CHICAGO -- The Chicago Blackhawks have different views on whether the St. Louis Blues automatically replace the Detroit Red Wings as their primary division rival, but they agree playing the Blues will be significant this season.
Blackhawks forward Brandon Bollig, a St. Louis native, believes the Blues move into the Red Wings' rivalry spot with Detroit realigned to the Eastern Conference this season.
"I would say so, yeah," Bollig said after Monday's practice. "Obviously they're close, and we play them all the time. The way our two teams match up, they're always intense games. I would definitely say they're our biggest rival in the division now. I'm sure each and every game will be pretty exciting."
Blackhawks forward Patrick Kane wasn't so quick to declare the Blues a major rival, but he believes Wednesday's game in St. Louis would be a tough one for the Blackhawks.
"These are games you get up for especially on the road against St. Louis," Kane said. "You know they're going to be ready to play against us. For us, we want to make sure we're playing a playoff-type game, be simple, be smart and be physical. Take the physicalness to them like they usually try to do us.
"As far as a rivalry, that usually comes from the fans' standpoint. I think in the locker room our biggest rivalry has been Vancouver for the past few years. If another team comes up and takes that Detroit spot, then we'll make it what it is."
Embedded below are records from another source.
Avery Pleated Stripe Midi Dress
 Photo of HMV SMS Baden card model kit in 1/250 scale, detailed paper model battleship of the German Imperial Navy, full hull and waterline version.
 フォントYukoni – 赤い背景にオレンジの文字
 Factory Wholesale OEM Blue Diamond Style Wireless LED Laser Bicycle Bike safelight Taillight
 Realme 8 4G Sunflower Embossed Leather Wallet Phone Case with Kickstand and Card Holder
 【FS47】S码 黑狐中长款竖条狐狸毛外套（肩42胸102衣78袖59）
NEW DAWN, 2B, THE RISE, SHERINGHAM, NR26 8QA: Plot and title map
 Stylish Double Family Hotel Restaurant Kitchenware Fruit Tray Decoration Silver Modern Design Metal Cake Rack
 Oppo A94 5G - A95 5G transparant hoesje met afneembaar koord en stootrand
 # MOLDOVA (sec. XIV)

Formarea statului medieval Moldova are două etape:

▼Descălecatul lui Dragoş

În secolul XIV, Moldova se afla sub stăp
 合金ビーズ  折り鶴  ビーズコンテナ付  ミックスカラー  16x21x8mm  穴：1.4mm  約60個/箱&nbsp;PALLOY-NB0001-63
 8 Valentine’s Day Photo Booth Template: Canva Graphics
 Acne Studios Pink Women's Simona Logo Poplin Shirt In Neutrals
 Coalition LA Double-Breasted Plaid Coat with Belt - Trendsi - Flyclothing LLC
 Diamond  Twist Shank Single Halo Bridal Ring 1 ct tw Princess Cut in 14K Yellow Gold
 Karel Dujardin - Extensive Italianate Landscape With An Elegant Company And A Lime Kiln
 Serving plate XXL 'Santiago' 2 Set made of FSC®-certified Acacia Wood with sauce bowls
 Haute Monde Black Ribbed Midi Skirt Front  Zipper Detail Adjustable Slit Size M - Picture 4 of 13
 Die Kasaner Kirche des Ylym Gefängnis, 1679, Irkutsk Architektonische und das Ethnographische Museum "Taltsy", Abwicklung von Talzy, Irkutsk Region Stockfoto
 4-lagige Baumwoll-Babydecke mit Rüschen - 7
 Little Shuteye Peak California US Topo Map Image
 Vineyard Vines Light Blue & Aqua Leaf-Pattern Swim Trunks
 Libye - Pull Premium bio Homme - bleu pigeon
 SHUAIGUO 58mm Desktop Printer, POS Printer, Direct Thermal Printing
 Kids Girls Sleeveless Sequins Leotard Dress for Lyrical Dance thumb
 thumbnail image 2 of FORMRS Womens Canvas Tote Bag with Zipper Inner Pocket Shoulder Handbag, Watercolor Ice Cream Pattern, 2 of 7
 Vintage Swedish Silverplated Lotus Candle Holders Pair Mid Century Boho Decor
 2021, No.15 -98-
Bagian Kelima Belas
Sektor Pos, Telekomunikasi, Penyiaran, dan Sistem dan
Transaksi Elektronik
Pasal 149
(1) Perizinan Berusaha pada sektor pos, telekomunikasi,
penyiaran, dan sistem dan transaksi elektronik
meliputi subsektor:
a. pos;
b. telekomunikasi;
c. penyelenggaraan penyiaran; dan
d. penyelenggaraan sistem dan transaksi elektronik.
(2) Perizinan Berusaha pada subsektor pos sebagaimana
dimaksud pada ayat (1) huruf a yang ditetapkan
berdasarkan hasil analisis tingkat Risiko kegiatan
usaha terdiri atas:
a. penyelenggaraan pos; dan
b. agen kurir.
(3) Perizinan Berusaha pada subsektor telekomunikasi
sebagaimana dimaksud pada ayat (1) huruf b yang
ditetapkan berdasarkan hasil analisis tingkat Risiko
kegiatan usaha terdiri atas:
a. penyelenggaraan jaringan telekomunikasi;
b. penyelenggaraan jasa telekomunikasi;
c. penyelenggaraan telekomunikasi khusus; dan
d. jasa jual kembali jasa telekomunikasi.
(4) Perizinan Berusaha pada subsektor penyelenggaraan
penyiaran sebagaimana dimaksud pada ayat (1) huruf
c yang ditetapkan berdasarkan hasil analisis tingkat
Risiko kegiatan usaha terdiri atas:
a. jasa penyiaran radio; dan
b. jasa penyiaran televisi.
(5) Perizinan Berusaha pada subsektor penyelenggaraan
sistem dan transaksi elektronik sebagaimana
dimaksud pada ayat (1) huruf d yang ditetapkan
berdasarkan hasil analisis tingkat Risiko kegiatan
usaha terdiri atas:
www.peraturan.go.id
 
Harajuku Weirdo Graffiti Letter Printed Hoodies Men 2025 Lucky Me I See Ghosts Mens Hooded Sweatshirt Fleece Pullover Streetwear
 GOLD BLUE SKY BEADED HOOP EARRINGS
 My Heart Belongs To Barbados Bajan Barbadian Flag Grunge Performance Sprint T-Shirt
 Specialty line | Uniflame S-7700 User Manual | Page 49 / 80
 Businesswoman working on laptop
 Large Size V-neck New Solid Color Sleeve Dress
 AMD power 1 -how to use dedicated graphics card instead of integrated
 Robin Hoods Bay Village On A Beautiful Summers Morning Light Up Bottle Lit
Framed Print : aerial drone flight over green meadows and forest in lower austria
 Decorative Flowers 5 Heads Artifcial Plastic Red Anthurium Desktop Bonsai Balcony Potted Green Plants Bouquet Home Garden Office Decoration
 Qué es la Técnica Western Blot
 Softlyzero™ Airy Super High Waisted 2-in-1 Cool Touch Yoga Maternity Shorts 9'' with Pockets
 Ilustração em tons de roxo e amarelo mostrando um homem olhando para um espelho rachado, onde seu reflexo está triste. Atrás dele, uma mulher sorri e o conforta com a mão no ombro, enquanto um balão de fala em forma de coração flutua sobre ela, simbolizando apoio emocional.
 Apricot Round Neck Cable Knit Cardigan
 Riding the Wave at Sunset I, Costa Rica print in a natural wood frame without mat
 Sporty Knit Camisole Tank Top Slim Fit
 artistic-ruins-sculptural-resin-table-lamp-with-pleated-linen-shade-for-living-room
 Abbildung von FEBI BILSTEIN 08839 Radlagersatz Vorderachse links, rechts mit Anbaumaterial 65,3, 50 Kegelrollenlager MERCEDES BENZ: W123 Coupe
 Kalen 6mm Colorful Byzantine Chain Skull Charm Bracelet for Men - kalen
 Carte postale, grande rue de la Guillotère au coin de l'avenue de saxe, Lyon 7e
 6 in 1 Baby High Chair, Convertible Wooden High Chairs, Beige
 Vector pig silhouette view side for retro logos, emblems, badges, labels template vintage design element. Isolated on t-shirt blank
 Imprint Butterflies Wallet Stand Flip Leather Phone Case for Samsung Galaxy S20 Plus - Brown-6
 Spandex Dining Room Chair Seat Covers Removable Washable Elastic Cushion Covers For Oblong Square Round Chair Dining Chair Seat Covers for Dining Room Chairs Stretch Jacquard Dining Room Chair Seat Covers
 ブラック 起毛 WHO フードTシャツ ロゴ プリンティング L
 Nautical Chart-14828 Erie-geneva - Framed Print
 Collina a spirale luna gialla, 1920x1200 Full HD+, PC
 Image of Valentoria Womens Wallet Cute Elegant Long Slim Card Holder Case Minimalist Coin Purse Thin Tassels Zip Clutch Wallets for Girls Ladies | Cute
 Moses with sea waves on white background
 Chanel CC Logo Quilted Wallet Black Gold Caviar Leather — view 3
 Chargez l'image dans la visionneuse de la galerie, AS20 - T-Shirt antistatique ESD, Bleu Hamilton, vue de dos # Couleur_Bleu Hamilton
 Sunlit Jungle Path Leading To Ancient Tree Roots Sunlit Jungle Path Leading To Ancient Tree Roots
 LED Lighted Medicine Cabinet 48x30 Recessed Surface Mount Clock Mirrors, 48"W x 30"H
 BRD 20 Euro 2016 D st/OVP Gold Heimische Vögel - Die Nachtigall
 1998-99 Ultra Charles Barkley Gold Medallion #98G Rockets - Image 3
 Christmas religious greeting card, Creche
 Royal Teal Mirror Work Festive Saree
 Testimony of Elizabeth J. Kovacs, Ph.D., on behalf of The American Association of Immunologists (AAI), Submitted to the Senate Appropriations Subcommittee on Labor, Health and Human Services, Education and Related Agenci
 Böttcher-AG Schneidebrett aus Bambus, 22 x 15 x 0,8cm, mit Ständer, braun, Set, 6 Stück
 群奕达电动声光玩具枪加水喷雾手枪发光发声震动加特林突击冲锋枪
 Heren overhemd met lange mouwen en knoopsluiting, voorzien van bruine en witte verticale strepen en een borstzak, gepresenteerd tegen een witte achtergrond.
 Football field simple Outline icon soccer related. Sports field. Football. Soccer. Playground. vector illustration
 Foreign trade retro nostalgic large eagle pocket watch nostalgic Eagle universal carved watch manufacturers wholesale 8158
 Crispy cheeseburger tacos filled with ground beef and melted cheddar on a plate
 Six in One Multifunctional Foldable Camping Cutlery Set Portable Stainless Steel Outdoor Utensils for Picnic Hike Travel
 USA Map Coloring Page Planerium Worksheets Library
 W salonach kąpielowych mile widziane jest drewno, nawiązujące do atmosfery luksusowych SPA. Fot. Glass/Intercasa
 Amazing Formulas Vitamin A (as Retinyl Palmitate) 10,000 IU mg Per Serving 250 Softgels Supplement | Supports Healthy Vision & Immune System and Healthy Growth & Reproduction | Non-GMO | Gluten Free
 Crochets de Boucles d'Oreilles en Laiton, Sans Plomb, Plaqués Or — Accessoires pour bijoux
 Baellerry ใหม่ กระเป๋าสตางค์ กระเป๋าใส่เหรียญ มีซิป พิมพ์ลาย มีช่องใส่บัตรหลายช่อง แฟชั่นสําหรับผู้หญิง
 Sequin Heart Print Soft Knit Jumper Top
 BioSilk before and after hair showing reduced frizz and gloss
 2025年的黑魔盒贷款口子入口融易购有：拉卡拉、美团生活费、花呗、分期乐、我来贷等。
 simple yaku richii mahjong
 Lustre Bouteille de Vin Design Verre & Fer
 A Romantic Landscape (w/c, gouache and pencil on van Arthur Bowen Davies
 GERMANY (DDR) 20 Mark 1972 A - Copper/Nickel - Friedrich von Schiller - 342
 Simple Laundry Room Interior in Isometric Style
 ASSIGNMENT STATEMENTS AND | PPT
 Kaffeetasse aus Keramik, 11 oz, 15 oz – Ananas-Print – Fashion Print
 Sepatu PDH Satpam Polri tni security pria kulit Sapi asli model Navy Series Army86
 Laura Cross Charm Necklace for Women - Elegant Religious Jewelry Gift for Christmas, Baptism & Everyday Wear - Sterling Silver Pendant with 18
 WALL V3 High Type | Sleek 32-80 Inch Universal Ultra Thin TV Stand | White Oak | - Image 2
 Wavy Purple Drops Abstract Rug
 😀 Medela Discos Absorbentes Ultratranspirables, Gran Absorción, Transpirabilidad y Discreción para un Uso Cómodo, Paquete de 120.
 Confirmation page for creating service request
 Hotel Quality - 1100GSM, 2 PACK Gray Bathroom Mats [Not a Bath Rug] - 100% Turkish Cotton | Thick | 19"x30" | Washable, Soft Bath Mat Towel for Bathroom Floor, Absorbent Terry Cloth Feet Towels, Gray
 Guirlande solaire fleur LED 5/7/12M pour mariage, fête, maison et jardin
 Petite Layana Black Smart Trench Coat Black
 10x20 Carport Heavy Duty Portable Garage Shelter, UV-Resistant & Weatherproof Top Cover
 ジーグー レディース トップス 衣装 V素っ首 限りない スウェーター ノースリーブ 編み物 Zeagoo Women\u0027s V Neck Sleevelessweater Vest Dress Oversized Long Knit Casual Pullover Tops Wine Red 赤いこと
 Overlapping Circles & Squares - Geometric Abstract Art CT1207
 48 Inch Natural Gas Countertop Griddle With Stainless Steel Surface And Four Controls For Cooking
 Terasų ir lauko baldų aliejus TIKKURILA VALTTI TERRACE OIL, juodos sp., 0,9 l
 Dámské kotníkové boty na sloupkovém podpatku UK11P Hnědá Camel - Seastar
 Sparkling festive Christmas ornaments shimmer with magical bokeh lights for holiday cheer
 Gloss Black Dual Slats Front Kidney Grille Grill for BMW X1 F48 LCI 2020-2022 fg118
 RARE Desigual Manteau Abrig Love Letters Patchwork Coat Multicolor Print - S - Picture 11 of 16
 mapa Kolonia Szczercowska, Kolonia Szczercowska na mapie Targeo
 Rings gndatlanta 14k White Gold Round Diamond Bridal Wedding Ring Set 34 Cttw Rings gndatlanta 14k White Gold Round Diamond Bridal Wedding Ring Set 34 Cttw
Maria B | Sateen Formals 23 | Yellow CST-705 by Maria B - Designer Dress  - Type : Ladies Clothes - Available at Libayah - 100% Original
The Blackhawks have owned the Blues in recent seasons with a 32-17-4 record against them since 2005. They haven't had a losing season against St. Louis since 2000-01.
The Blues are considered by many as the Blackhawks' biggest division and conference threat this season. Six ESPN hockey experts picked the Blues over the Blackhawks to represent the Central division in the Western Conference finals this season.
"They're a very good team," Blackhawks coach Joel Quenneville said. "Over the last 2-3 years, they're as good as anybody over the regular season.
"I think they got a lot of good things about their team that make them successful. One thing is they play hard, they play physical, they go to the hard areas and they make you play a hard game. We find when we go in there we have to be all committed to playing that type of game and everybody contributing and don't be influenced in where you have to go to be successful."
Adding to the importance of division games this season is the NHL's change in playoff format. The top three teams from each division earn a playoff bid, and most teams will play other division opponents for the first two playoff rounds.
"They're more valuable knowing that standings-wise you position yourself to what's going to happen in the playoffs," Quenneville said. "Knowing you're playing those teams, I think you're going to be looking at St. Louis thinking this could be a very important game in the way things could set up in the course of a season. They got off two big starts to their games at home there. I'm sure they're excited about playing us as well."